Now after every saving operation I change the device of each submodule. It worked for 1 batch, but when I further utilized DataParallel, as your post suggested, it throwed the following error:
RuntimeError: module must have its parameters and buffers on device cuda:0 (device_ids[0]) but found one of them on device: cuda:1
My code now is like:
class MyModel(nn.Module):
def __init__(self, some_param):
self.large_submodule1 = SubModel1(...)
self.large_submodule2 = SubModel2(...)
if len(gpu_ids) == 2:
self.large_submodule1.cuda(0)
self.large_submodule2.cuda(1)
elif len(gpu_ids) == 4:
self.large_submodule1 = nn.DataParallel(self.large_submodule1, device_ids=[0, 1]).to('cuda:0')
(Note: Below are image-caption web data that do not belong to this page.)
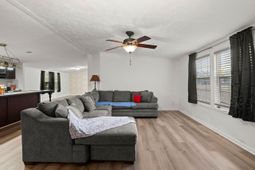 4567 Can City Road photo 4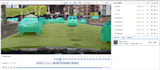 do advanced video segmentation and polygon annotation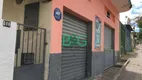 Foto 24 de Lote/Terreno à venda, 569m² em Vila Malvina, São Paulo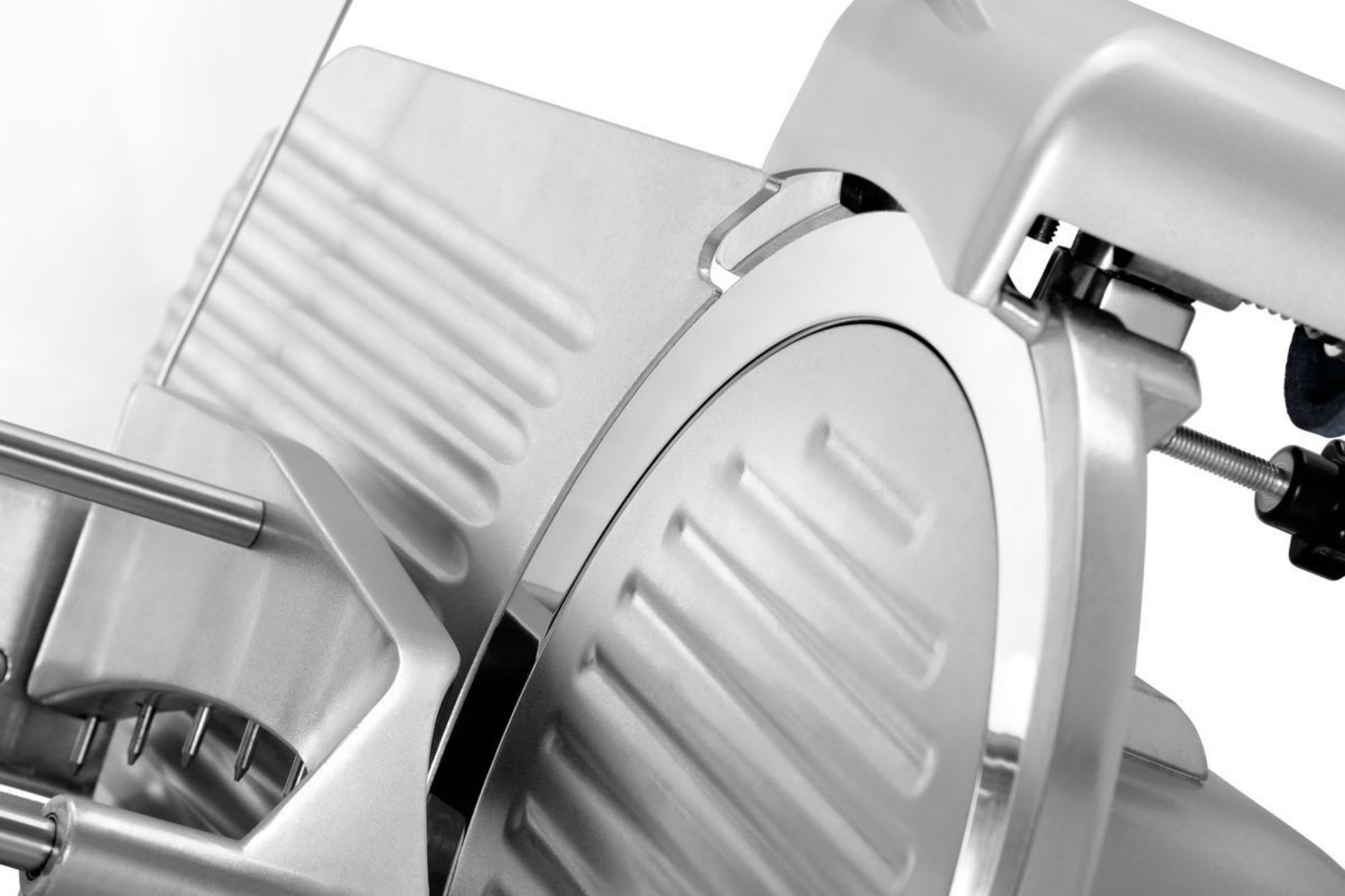 Picture of Bartscher Slicer 300 Plus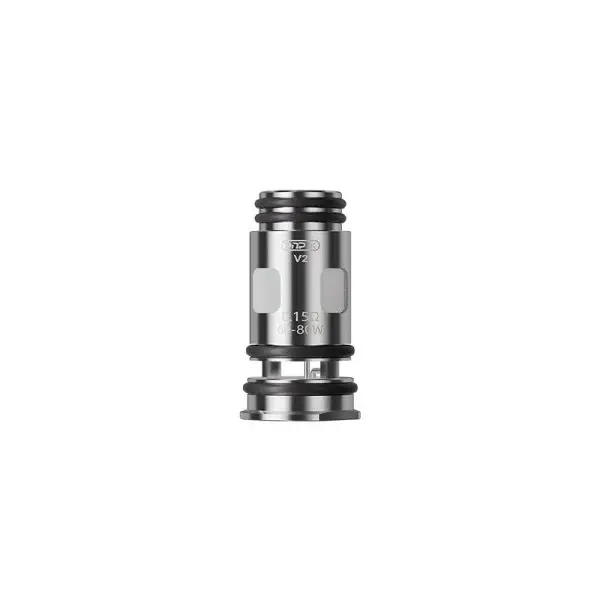 Rezistenta Voopoo PnP X V2 0.15 ohm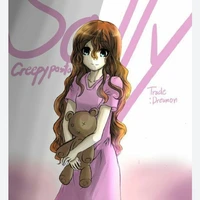 Sally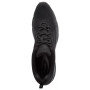 Men's Stability Fly Athletic Sneakers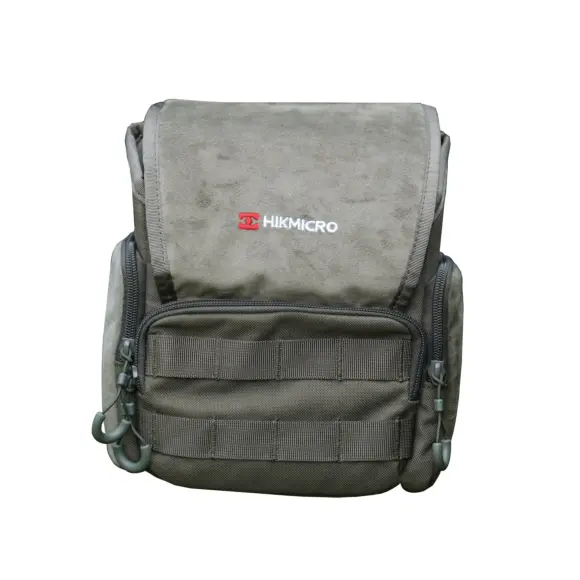 Etui de Rangement pour Jumelles HIKMICRO Habrok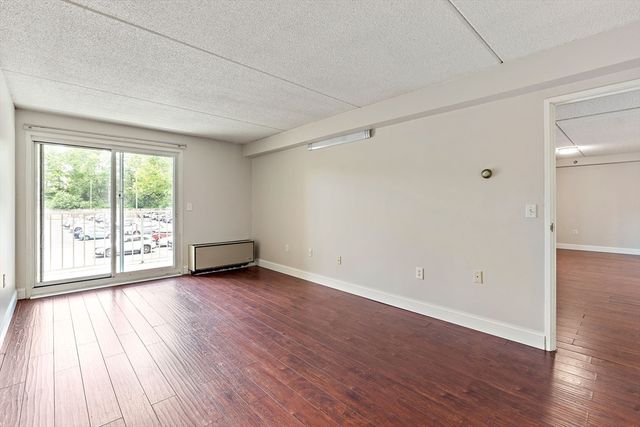 200 Cove Way 217, Quincy, MA 02169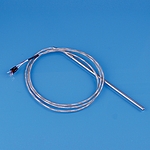 온도 센서 (Teflon PTFE)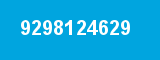9298124629 9298124629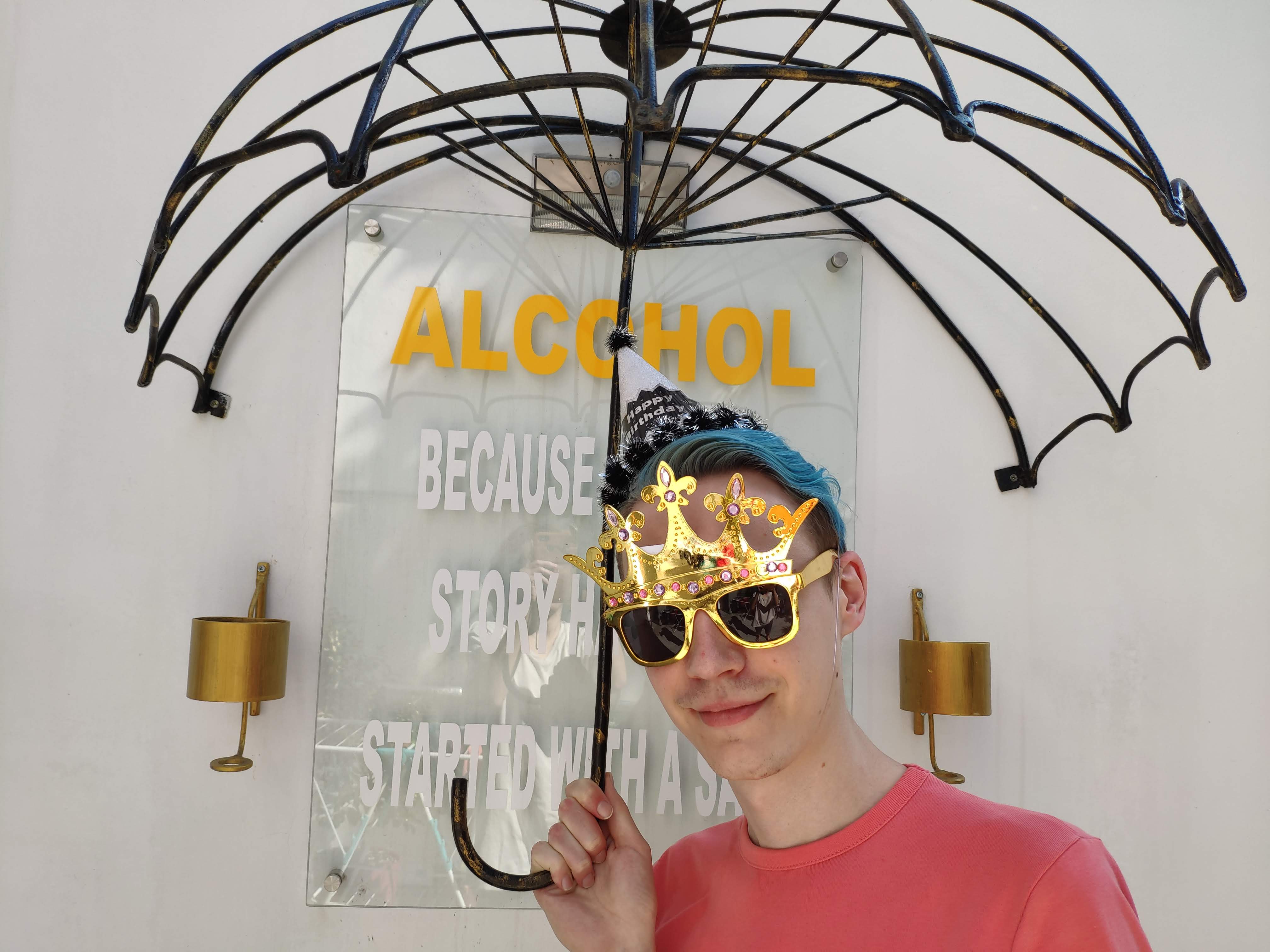 アルトゥル 日本推しラトビア人 たたけボーンゴ ひびけサーンバ 踊れ南のーカルナバール 誰もかーれーも 浮かれさーわーぎ 光るあーせがはじけとぶー ア ル トゥ ル サーンバー 俺 のインスタ T Co Zwgsrqyftj T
self.large_submodule2 = nn.DataParallel(self.large_submodule2, device_ids=[2, 3]).to('cuda:2')
def forward(self, x):
x1, x2, cat = self.large_submodule1(x) # error occurs here
device = x1.device.index # don't know if there's a better way to do this
x1 = x1.cuda(device+2)
x2 = x2.cuda(device+2)
cat = cat.cuda(device+2)
out = self.large_submodule2(x1, x2, cat)
return out.cuda(device)
class Seg(BaseModel)
def initialize(self, opts, **kwargs):
self.net = MyModel(some_param)
def save_network(self, path):
torch.save(self.net.cpu().state_dict(), path+'/model.pth')
if len(gpu_ids) == 2:
self.net.large_submodule1.cuda(0)
self.net.large_submodule2.cuda(1)
elif len(gpu_ids) == 4:
self.net.large_submodule1 = nn.DataParallel(self.net.large_submodule1, device_ids=[0, 1]).to('cuda:0')
self.net.large_submodule2 = nn.DataParallel(self.net.large_submodule2, device_ids=[2, 3]).to('cuda:2')
Now if I use 2 GPUs it works fine. But if I use 4 GPUs, after saving a checkpoint, it throws the above error at the next epoch. Could you help me with this? Many thanks!